Bonds are usually the first thing that comes to people's minds when they think of income investments.
That's because bonds generally produce the highest current yield. They give you the most return tomorrow for the money you pay today.
That doesn't means they're the best way to invest for income. I prefer to think long-term, and bonds are not the best long term income investing strategy.
Also, bonds seems to be simpler than stocks that pay dividends. In some ways, that's a misconception. It is true that bonds of the same type, interest rates, duration, and so on behave very similarly. Bond interest is the income investment that makes you vulnerable to inflation.
Stocks are More Interesting Than Bonds
Bonds are much more mathematical than stocks. There are many more factors affecting them than most people realize, and you can analyze them in many ways, but the hundreds of bonds that have the same characteristics behave much the same. They appeal more to your inner accountant than do stocks.
Stocks are much more identified with the underlying corporation, so they share the company's story. If it's a new company with a product that is going to revolutionize the world, the stock shares that glamor. Bonds are . . . boring.
Buying Bonds is Not as Easy as Buying Stocks
The bond market is NOT easy as the stock market is. You can't just go online and order some specific bond issues. Actually you can, but it can be expensive.
Plus, it is set up for institutional investors -- that is, people who represent big bucks. Not the kind of money you and I have to invest.
You might get a broker to help you, if you have $50,000 or more to spend. But they'll charge you a very high bid/ask spread. Also, they'll want to sell you bonds that they have in their own inventory -- which means they want to get rid of them.
They might even tell you they're giving you a great deal by not charging you a commission. But that means they're making more money by selling you a bond they bought cheaply.
Online Bond Buying Services
However, there are a few services that allow you to buy newly issued bonds from reputable companies direct. They sent out emails every Monday letting you know what's available.
directnotes.com/
internotes.com/
eu.internotes.com/ -- for European bonds
You Buy Government Bonds Directly From the Treasury Department
Just go to treasurydirect.gov.

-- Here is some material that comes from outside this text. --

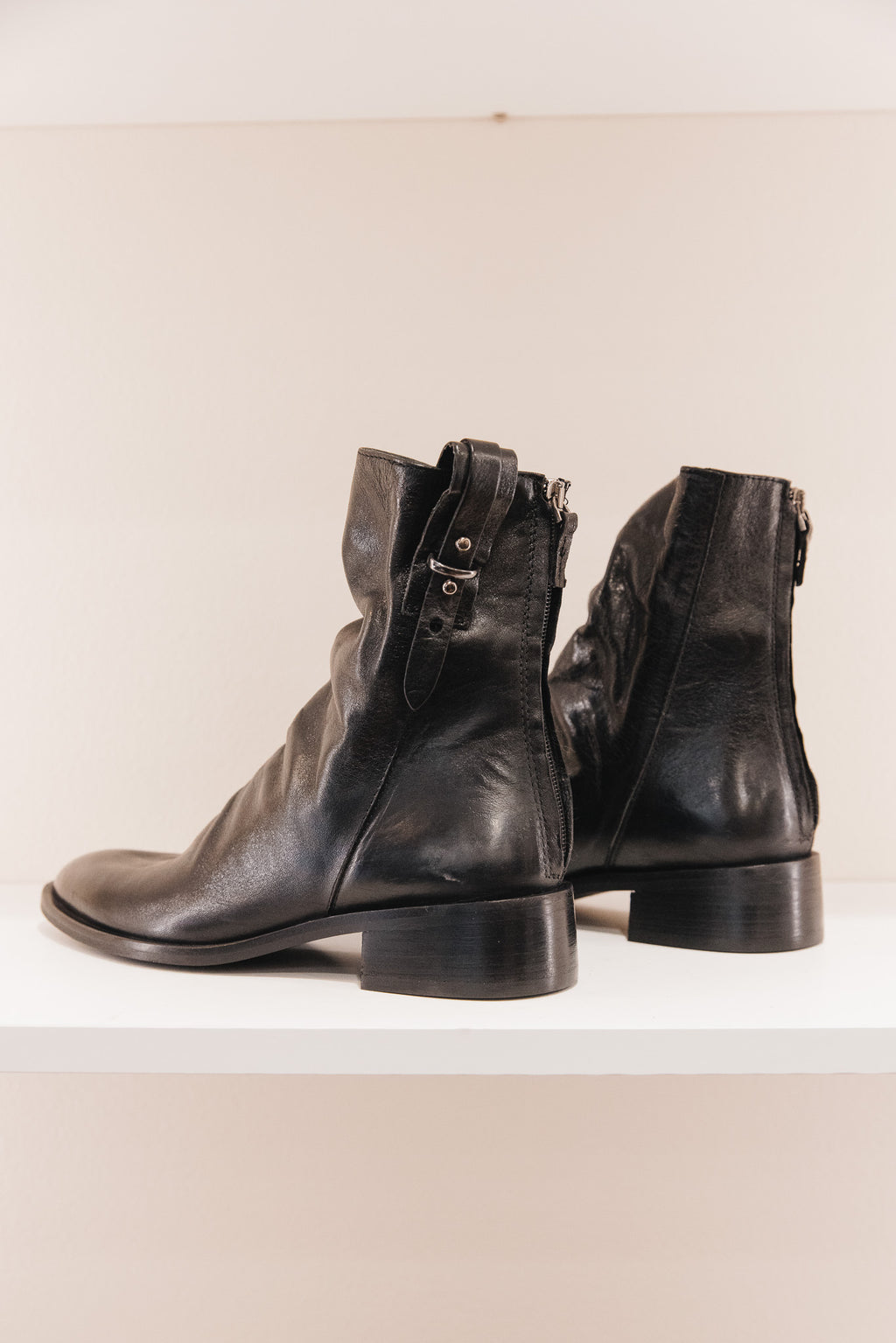 M558 Bottine en cuir noir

You can buy T-bills, savings bonds, Treasury notes, Treasury Inflation Protected Securities (TIPS bonds), Treasury notes, Gulf Coast Recovery bonds and Treasury bonds.
For bonds from agencies back by, but not quite the government such as Ginnie Mae (GNMA) bonds, see your broker.
You could also buy bond mutual funds, but then you run into a whole host of issues regarding expenses and having to pay taxes on capital gains because the manager actively buys and sells.
Avoid Bond Mutual Funds, Especially Ones With High Expenses
If you do go with a bond mutual fund, choose the applicable fund with the lowest expenses. And don't ever pay a load. They're outrageous, especially for bond funds. It's easiest to start with Vanguard. They're often the fund offering the lowest rate because they're the only mutual fund family that focuses on keeping expense ratios low.
The same is true of Exchange Traded Funds -- look for low costs. Those are the best way to buy corporate and municipal bonds.
If you do sell a bond prior to maturity, you could lose money. It depends on where interest rates are. Right now they're so low that it's difficult to see how they can be much lower in the future. And you can't predict the future of interest rates anyway. It's better not to try. That's why I believe it's best to simply buy a bond and hold it until maturity -- of course collecting your interest checks until then.
Bonds are an important type of income investments, but especially for people who are already retired and need to maximize their current cash. Just as with other investing techniques, younger people still accumulating their retirement portfolios should concentrate on buying stocks that pay dividends that will growth in the future.